Requirement
The records below need to come back exactly as they are, pictures omitted.
Start of Given information
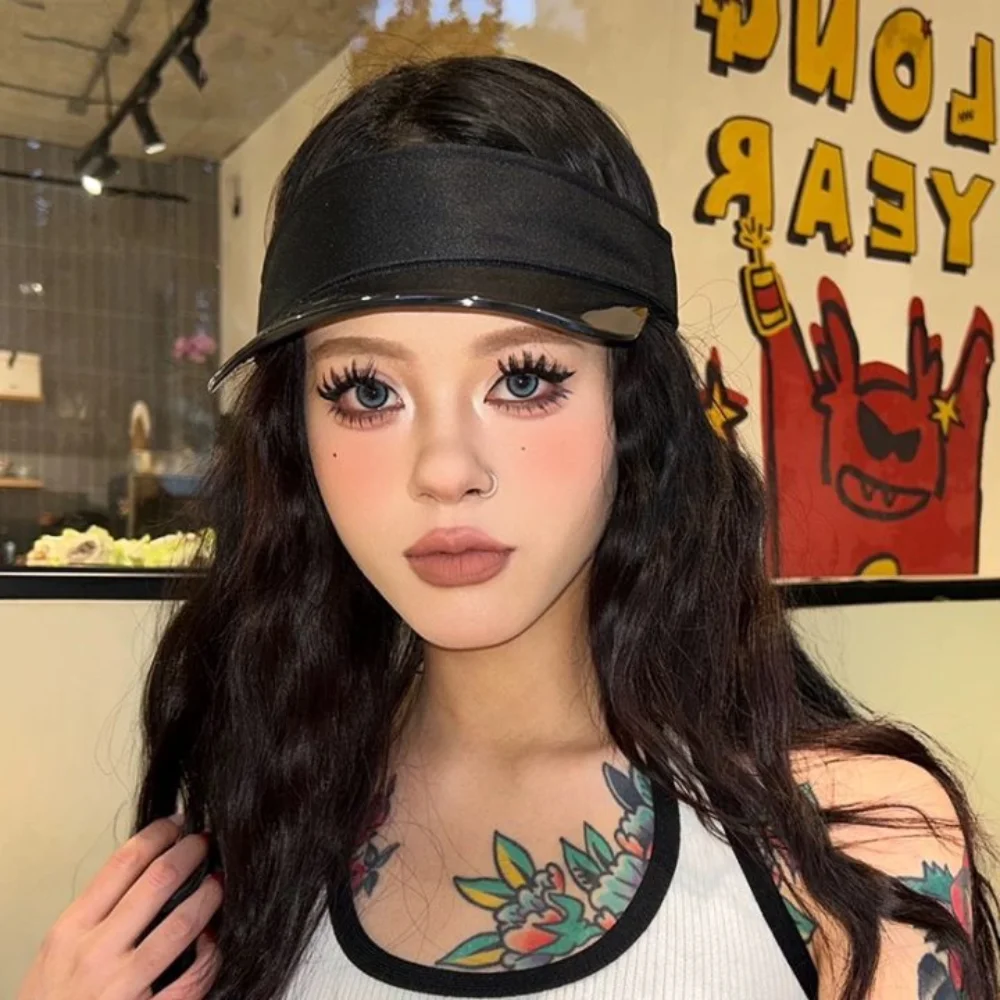 

Fashion UV Protection Leopard Print Visor Cap Solid Color Cool Transparent Hollow Hat Sunscreen Adjustable Sun Hat Camping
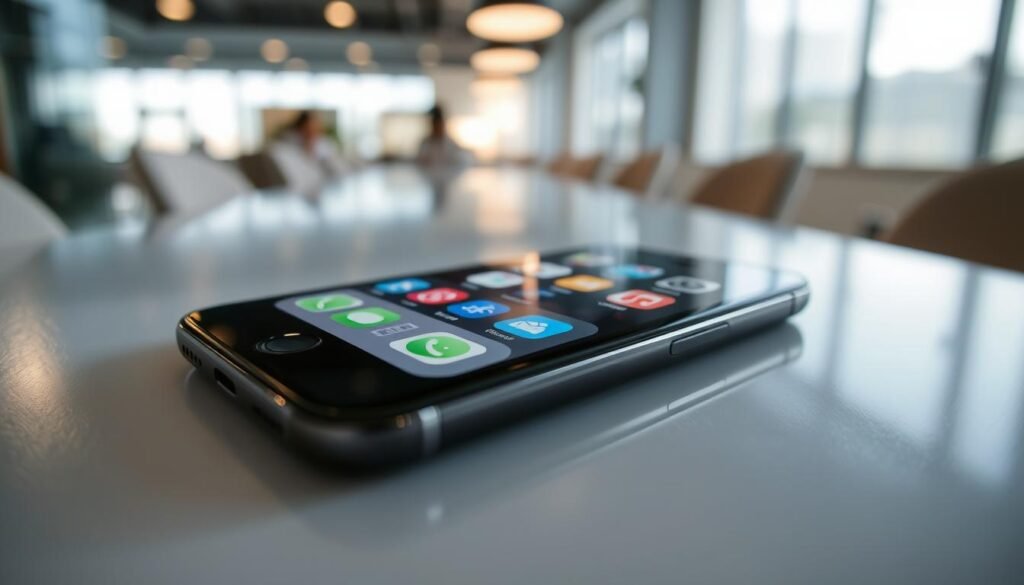 A close-up view of an iOS device displaying a hidden application bar on its screen, emphasizing the specific tap gesture on the app bar. The foreground features the sleek glass surface of the iPhone, reflecting soft ambient lighting. In the middle, the screen depicts multiple app icons arranged in a split-screen format, with a subtle indication of the tapping gesture highlighted. The background is softly blurred to emphasize the device, hinting at a modern office environment with gentle natural light filtering through a window. The atmosphere is professional and engaging, evoking a sense of innovation and ease of use in digital multitasking.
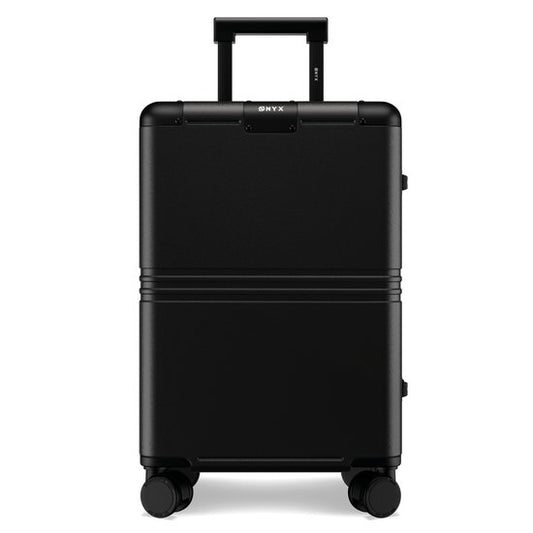ONYX Hybrid Pro Handgepäck Koffer 35 Liter - Recyceltes Polycarbonat und reißverschlussloses Design - Reisekoffer mit TSA-Schloss und Spinner-Rädern - Leichter Trolley - Onyx Black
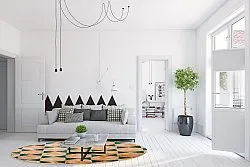 Rund Teppich - Calvi (beige/grün)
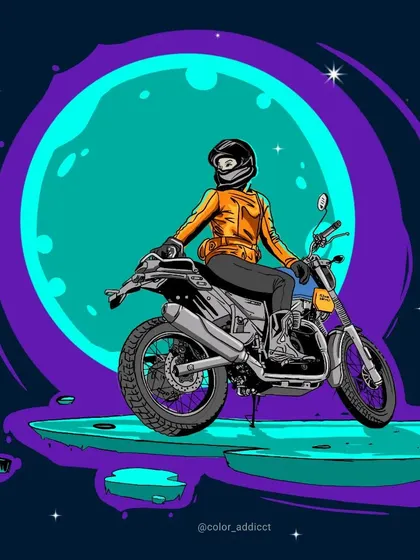 'Over the Moon', a digital illustration created for the Art of Motorcycling contest. This piece depicts a female rider in a surreal, cosmic setting, blending adventure with imagination.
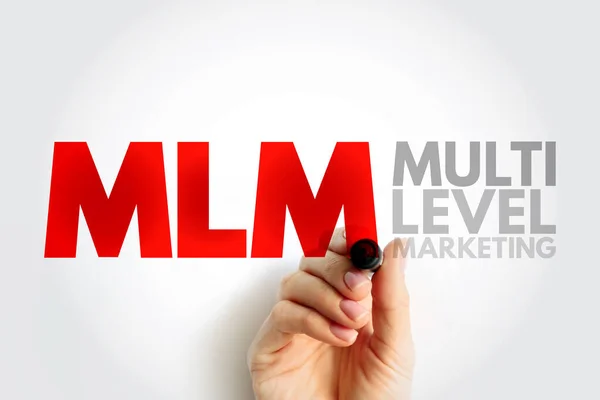 MLM Multi Level Marketing - monetary strategy used by direct sales companies to encourage existing distributors to recruit new distributors, text concept for presentations and reports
End of Given information
Result of this exercise
Fashion UV Protection Leopard Print Visor Cap Solid Color Cool Transparent Hollow Hat Sunscreen Adjustable Sun Hat Camping
 A close-up view of an iOS device displaying a hidden application bar on its screen, emphasizing the specific tap gesture on the app bar. The foreground features the sleek glass surface of the iPhone, reflecting soft ambient lighting. In the middle, the screen depicts multiple app icons arranged in a split-screen format, with a subtle indication of the tapping gesture highlighted. The background is softly blurred to emphasize the device, hinting at a modern office environment with gentle natural light filtering through a window. The atmosphere is professional and engaging, evoking a sense of innovation and ease of use in digital multitasking.
ONYX Hybrid Pro Handgepäck Koffer 35 Liter - Recyceltes Polycarbonat und reißverschlussloses Design - Reisekoffer mit TSA-Schloss und Spinner-Rädern - Leichter Trolley - Onyx Black
 Rund Teppich - Calvi (beige/grün)
 'Over the Moon', a digital illustration created for the Art of Motorcycling contest. This piece depicts a female rider in a surreal, cosmic setting, blending adventure with imagination.
 MLM Multi Level Marketing - monetary strategy used by direct sales companies to encourage existing distributors to recruit new distributors, text concept for presentations and reports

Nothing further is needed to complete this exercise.